Garamba National Park spans 5,133 km2, with 9,662 km2 of adjacent domaines de chasse, and is situated in the north-eastern Democratic Republic of Congo (DRC) bordering South Sudan. It is one of Africa’s oldest national parks, designated in 1938, and in 1980 was declared a World Heritage Site. But this critically important landscape has had a tragic past and is often referred to as ground zero in the elephant poaching wars in Africa.

Once home to 22,000 elephants in the 1970s, militarised poachers reduced the population to fewer than 1,200 today; and the northern white rhinos were poached to local extinction in the early 2000s. During three decades from the 1980s to 2000s, Garamba was overrun with rebel forces and heavily militarised poachers, leaving human and environmental devastation in their wake.   

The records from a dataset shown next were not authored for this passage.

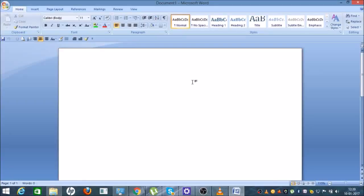Hi guys, my name is Vish and today we will learn how to save a Word file on the desktop. This is our Word file, so suppose if you write something like...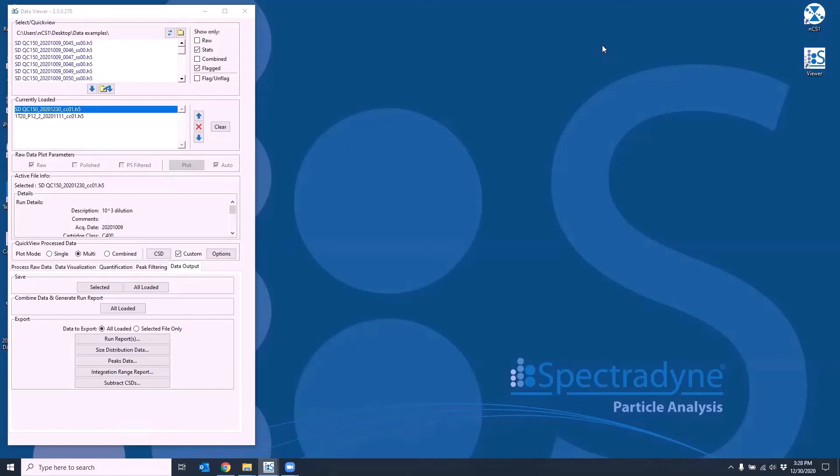The last option under export is subtract CSDs. This option allows for subtracting one CSD from another and this is very useful if we have a blank measurement that we want to subtract from the sample measurement.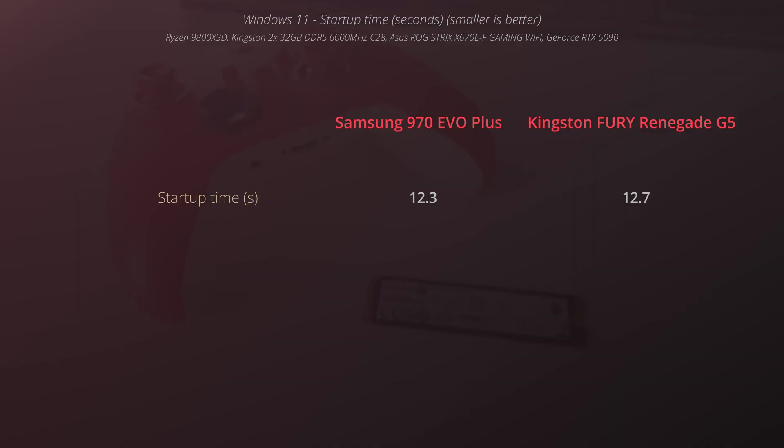Moving to Windows startup, Samsung is actually a bit faster than Kingston but nevertheless the difference should be included in the margin of error. I would say that there is no difference whatsoever for better or worse.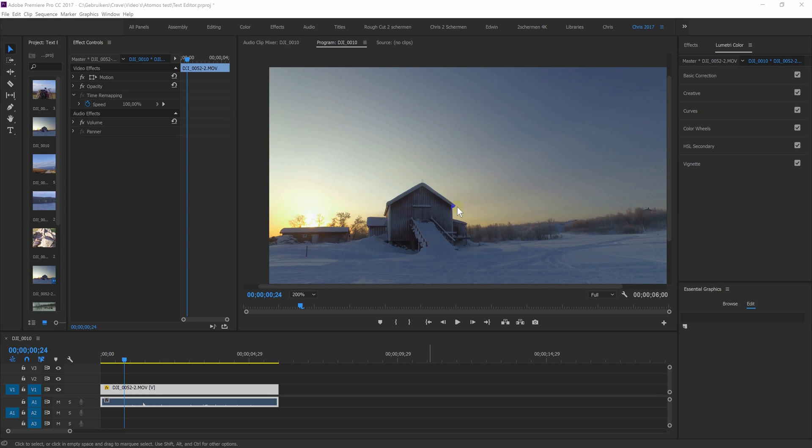Hello, my name is Chris. In this tutorial I will show you how to use the Lumetri Color with a mask, so only a part of the picture is adjusted.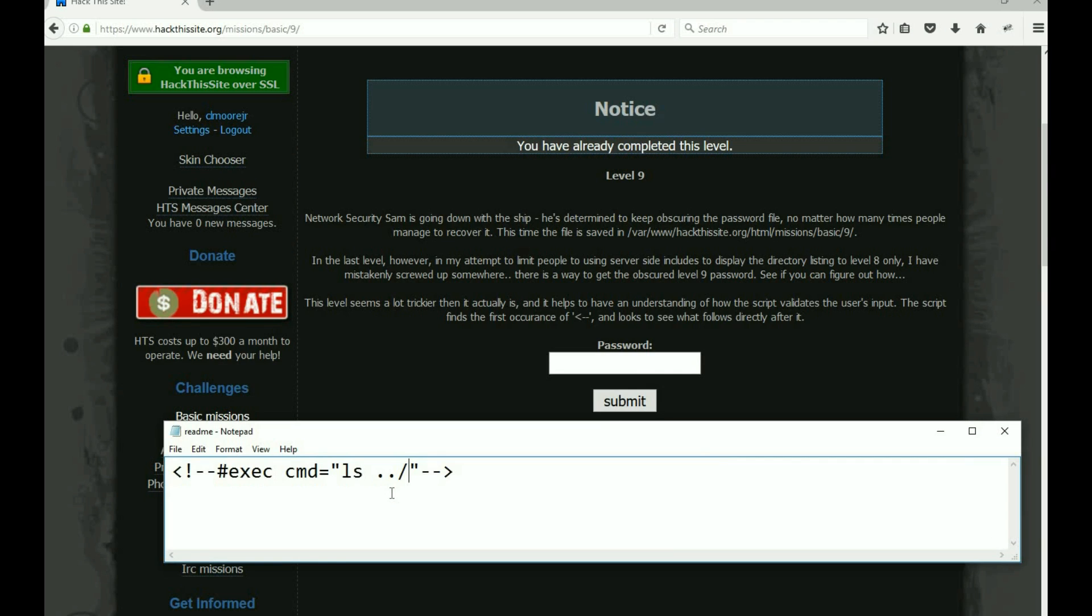If you understand this, you know what to change. The only thing that this whole line says is execute the command LS, which is a list. It's the same as dir in DOS. LS is the UNIX command to make a list of the working directory. Dot dot forward slash told it to jump back a folder.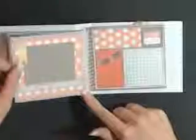A nice little journaling spot here. Another photo. This has got some piercing that Michelle suggested we try. So we did that.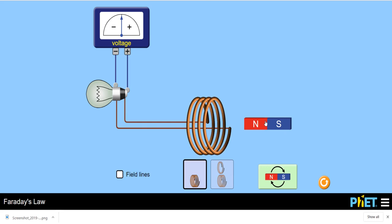Now let's observe the direction of deflection. With the north pole facing the coil, as I move the bar magnet towards it, the deflection is to the left. One important thing: whether I move the magnet or the coil, there is no difference — what matters is the relative change in position between the magnet and the coil. I can keep the bar magnet stationary and move the coil instead, or move both, but at least one must be moving so there is a change in flux.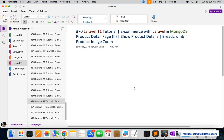Hello everyone, welcome to part 70 of the Laravel 11 series in which we are connecting the e-commerce web channel with Laravel and MongoDB. We will continue working on the product detail page, and in this part we are going to show the product details with their breadcrumb, and also show the product images with their zoom feature as well.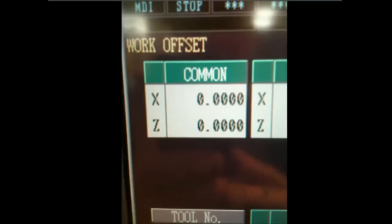I'd like to point out that on the same page where you see G54 through G59, you will also see a 'common' offset. Any value that you enter in the common will affect all work offsets — G54 through G59 — so make sure those are set to zero. If you do put a value in there, it will affect all work offsets. I just wanted to add that note.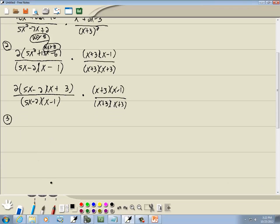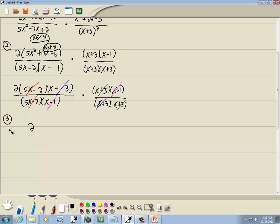Step 3: cancel if possible. The only guideline is they're the same, one on top and one on the bottom. The (5x − 2)'s cancel. The (x + 3) here cancels one (x + 3) there. The other (x + 3) cancels the remaining (x + 3). The (x − 1) here cancels that (x − 1). Nothing's left — just 2. So our answer is 2, and we don't need step 4.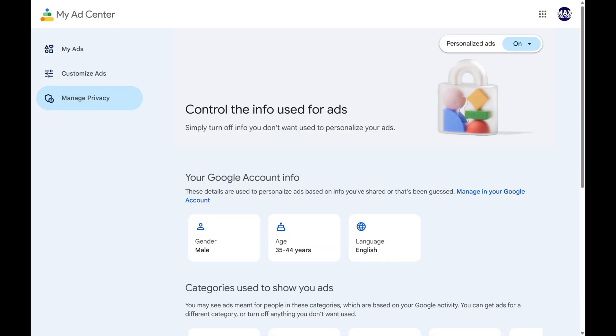Step 4. Click to expand the dropdown associated with personalized ads on this screen.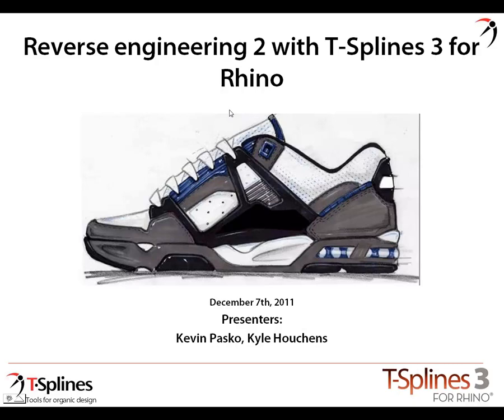My name is Kyle Houchens. I'm the owner of Outside Digital Art and Design. Matt Sederberg usually runs these webinars, but he recently had a baby, so he's out being a good daddy. He asked me to step in. I'm happy to do so, happy to be here.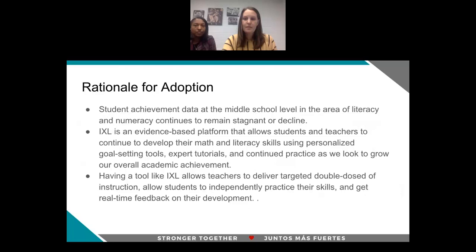Having a tool like iExcel allows teachers to deliver a targeted double-dose of instruction. Students are getting that Tier 1 universal classroom instruction, and because iExcel supports the curricular resources we're already utilizing, teachers are able to go in and personalize and select those skills for students directly connected to what we're doing in the classroom. Students then get that second dose of independent practice to either remediate or accelerate their skills.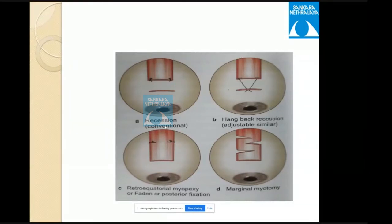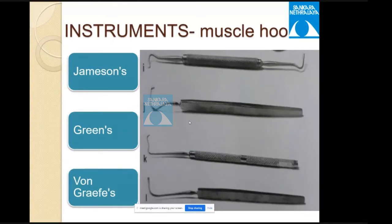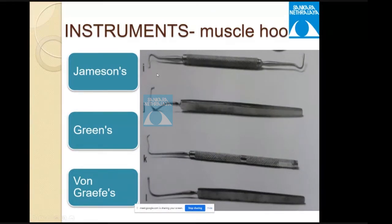About hooks: when first hooking a muscle, use the von Graefe hook (without a knob tip) since you are not yet sure you have the entire muscle. Once you have isolated the whole muscle and cleared the intermuscular septum and check ligaments, switch to the Jameson or Green's hook, which have a knob to prevent the muscle from slipping.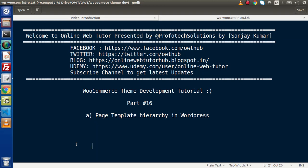Hello guys, welcome to Online Web Tutor. I am Sanjay. We are learning WooCommerce theme development tutorial. This is our part number 16. Inside this video session we will discuss about page templates hierarchy in WordPress. In the last video we had discussed all about front page as well as home.php file. Now this time we are going to understand all about page templates.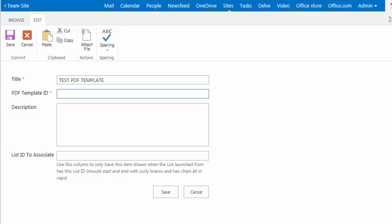That being the case, I'm going to just put in all capital letters the word Test into this field as a reference for my PDF template. And I'm going to click Save.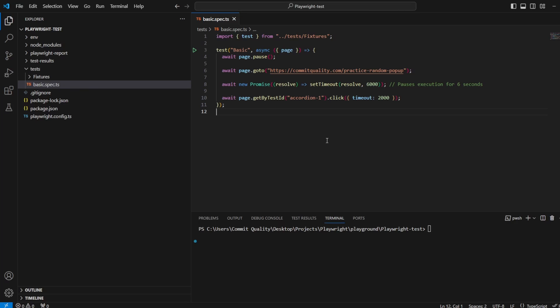Hello, this is Jared from Commit to Quality and today I'm going to show you how you can handle random pop-ups and overlays using Playwright.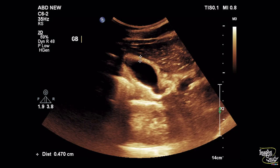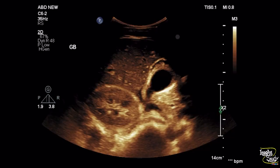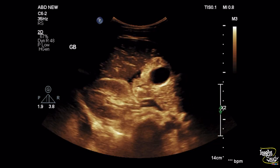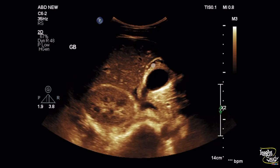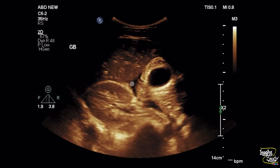The wall thickness was about 4.7 millimeters. The normal wall thickness we know is less than or up to 3 millimeters. The pancreas looks normal. This is another wall thickness measurement from a different location which is 5 millimeters. This is another picture of the gallbladder of this patient and the gallbladder wall looks edematous.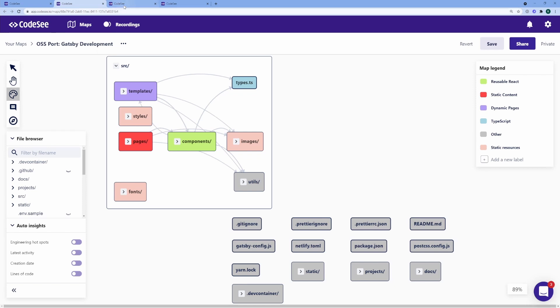Another type of map you can have is an areas of concern map. I kept this one simple, just showing labels for where the source and the projects are, as well as where the documentation and project setup goes.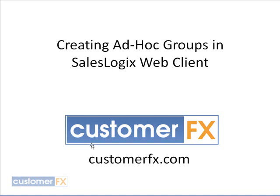In this training snippet, creating ad hoc groups in SalesLogix's client, you learned how to create an ad hoc group choosing individuals from any of the entities like accounts or contacts and putting them into a group. Now, these ad hoc groups will not change automatically, only if you add or delete from these groups. I want to thank you for joining me today and I look forward to seeing you in future snippets.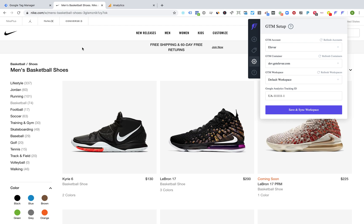Hey there, this is Brad from Elevar and I wanted to walk you through some exciting updates that we've made to our event builder Chrome extension. If you've used this in the past few months during our beta period and had an account with quite a few GTM accounts — and ultimately many more containers and workspaces — you may have run into some performance issues where it would take a while for this to initially load.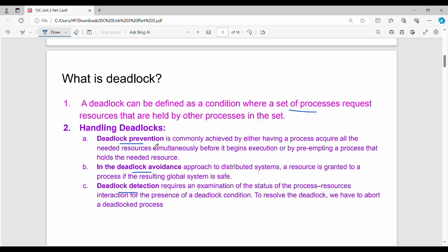For deadlock prevention, it is commonly achieved by either having a process acquire all needed resources simultaneously, or by preempting and terminating a process that holds resources. So the two prevention techniques are: allocate all resources at once, or preempt and terminate a process holding resources.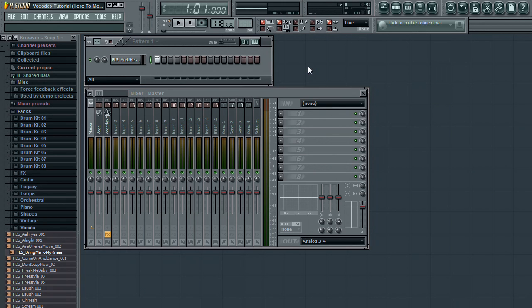In FL Studio, this can be done by inserting Vocodex onto a channel that has your desired carrier source, and then sending the modulation source via sidechain from a channel in FL Studio to the vocoder.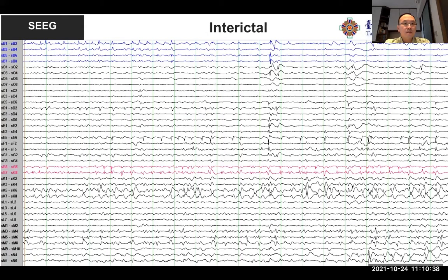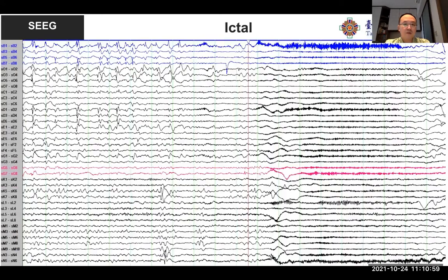We labeled electrode B as blue and G as red to identify which polymicrogyria is more responsible for seizure onset. You can see the interictal spikes, and it's actually a very large irritative zone. When looking at ictal onset, the B electrode is earlier, and the OD electrode is also quite early, then G has accumulation.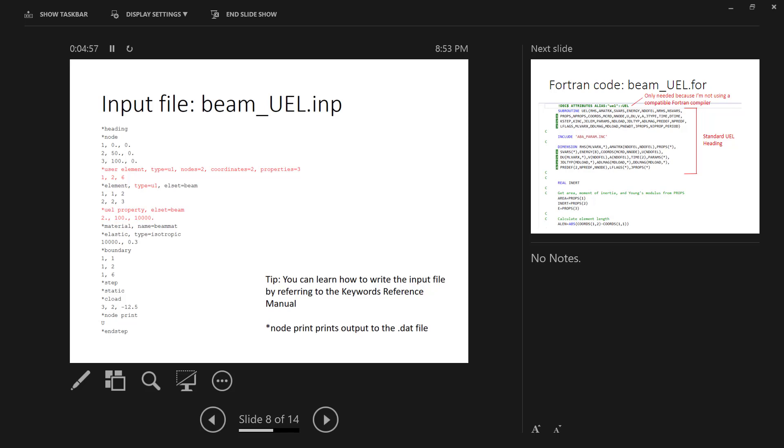Most of this stuff is standard Abacus model stuff. We need to define the nodes, we need to define the elements, the material properties, the boundary conditions, the loads, the step, and so on.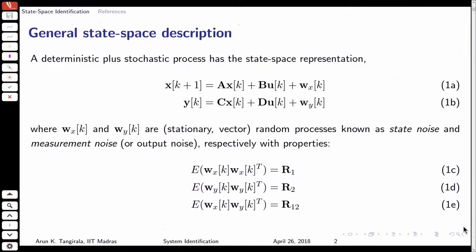Welcome to the lecture on state space identification. We started our journey on this topic in the previous lecture, and now we will plunge into the details today. What we were introduced to in the previous lecture is this general state space model, where both the deterministic and stochastic effects are represented. The key thing is this.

To stop the park’s destruction and bring stability to the area, African Parks signed an agreement in 2005 to manage Garamba with the Institut pour la Conservation de la Nature (ICCN). The park became one of our greatest challenges. In 2016, we significantly overhauled our law enforcement approach and since 2017 not one ranger has been killed on patrol and elephant poaching has dropped to near zero. Tens of thousands of people living around the park have benefitted from the safety and stability the park has provided and, in addition, are supported through the provision of schools, healthcare, and investments in sustainable development and enterprise. 

In a region with little economic opportunity, Garamba employs over 500 full-time local staff. Our growing ranger force provides security not only to wildlife but also to tens of thousands of people living around the park.

Garamba Highlights

  • In January 2016 African Parks renewed its management agreement for Garamba for an additional 10 years.
  • An effective law enforcement strategy that was devised in 2016 has resulted in near zero elephant poaching.
  • To help anti-poaching efforts, anti-poaching dogs, selected for their tracking capabilities, have undergone intensive training and now effectively aid our law enforcement team in the field.
  • The population of critically endangered Kordofan giraffe, which is the last remaining in the DRC, continues to grow with over 70 individuals now recorded.
  • In 2021, as part of our solar energy programme, mini-grids were built to provide power to over 14,000 households in towns around the park

Partners

African Parks, and the Institut Congolais pour la Conservation de la Nature (ICCN) entered into a partnership in 2005 to manage the park.